This all came about during my semester abroad here at UEA last year, I found a lot of peace in the gym. No, not in the music I listen to, or the heft of the weights… or the scary gym bros in compression t-shirts, but in the routine and the discipline it has taught me. Bringing myself to the gym became a reliable coping mechanism to calm my rapidly berating heart and nauseous stomach during any moment of panic. Over everything, through my whole life I wanted, needed, craved, control. If everything went the way I had planned, life would be golden. But we all know this is not the case. Anxiety is tough in that sense, because so little of life is within our jurisdiction. So I took on finding where I had control in life, and somehow the gym was the biggest factor. The gym is a ‘myself against myself’ competition, I am the only one I am working against, my body vs my brain – the dumbbells are just there as witness. It was hard work, day in and day out, six days a week.

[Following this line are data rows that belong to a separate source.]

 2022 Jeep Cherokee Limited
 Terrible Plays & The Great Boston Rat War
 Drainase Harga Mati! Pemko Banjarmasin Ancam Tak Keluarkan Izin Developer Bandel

But it was bliss, and I started to get some control back. 

However, September 2023 threw me through a loop. After my semester abroad and months of travelling, I was home in Melbourne, angry, lonely, sad and confused. My brain was tired, my heart was sore and my body was unwell. I didn’t recognise myself in many ways, my body looked different and my head was conflicted. But I knew that if I had nothing else in those moments of despair and grief, I could at least get my strength back. So I spent 3 months sober and within that time working back up to my usual weights and routine. I was able to come back from disarray and learnt that if I could push myself, and deal with the pain of weightlifting, than barely anything else could hurt me. I was putting myself through physical and mental challenges, training in a way that I can now say has built me into a well recovered (and relatively buff) person. 

Growing up, there was something about competing against other people that I couldn’t bring myself to do – but competing against myself, to challenge my strength and grit is where I have found mental peace. The gym lets my brain go quiet except for the push that I can do more. I am stronger than I realise and I know it is just my mentality holding me back. There was something so impressive to me about being able to build yourself the way people do in the gym. The lifestyle is rigorous and time consuming, but to know how strong you are – and being able to see it as well –is a feat of strength I am proud to say I have a little bit of.